The poor widow has hired as her attorney Wendall Rohr (Dustin Hoffman), a decent man who believes that decent people will do the decent thing. Is he naïve or is he a fox hiding in the long grass? And then there is juror No. 9, Nick Easter (John Cusack), who you can bet has his own agenda, or why would he be in the film? And what is his connection with the mysterious Marlee (Rachel Weisz), who keeps making phone calls to the attorneys, promising to swing the verdict their way if only they will pay her $10 million.

If you've read the book, as I have, you know why Nick and Marlee are here; the pleasure should be in the getting to the revelation. But in the film, even though it runs more than two hours, everything has been so compressed (four writers are credited with the screenplay, which usually signifies big problems) that there's no time to breathe. At the trial, each side barely gets to present any testimony, and the talk in the jury room - a key in the novel - is a garble of private agendas and personality tics. Mostly, we watch as Hackman chews the scenery: "You're losing me my jury!" he shouts, more than once. Oh, and did I mention the ransacking of Nick's little apartment, or the assaults on poor Marlee? Or, once the jury has been sequestered, how easily Nick manages to leap over rooftops to meet with her and get back without being found out by the marshals guarding them?
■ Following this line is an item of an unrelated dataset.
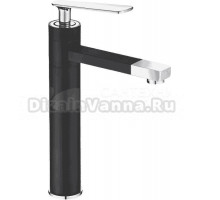 Смеситель для раковины Shevanik S6611H с поворотным носиком, черный, хром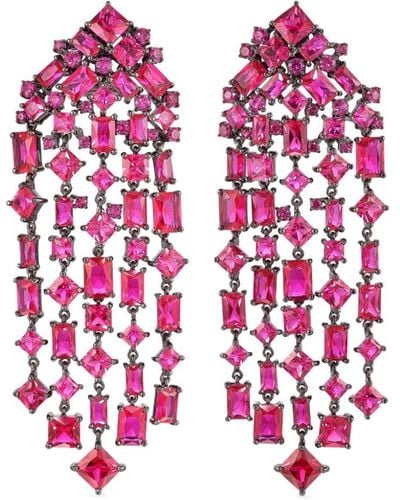 Anabela Chan Rhodium Vermeil Cascade Ruby Drop Earrings - Pink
The setting is New Orleans, the most beautiful city in America; but never has a film taken less advantage of it. Director Gary Fleder has no eye for his setting, nor even for his characters. There's more tension in any shot of "Law and Order" than there is in two hours of "Runaway Jury." So just in case you're not planning to see this film, let me assure you that the good guys win and the bad guys lose. If only real life were like that.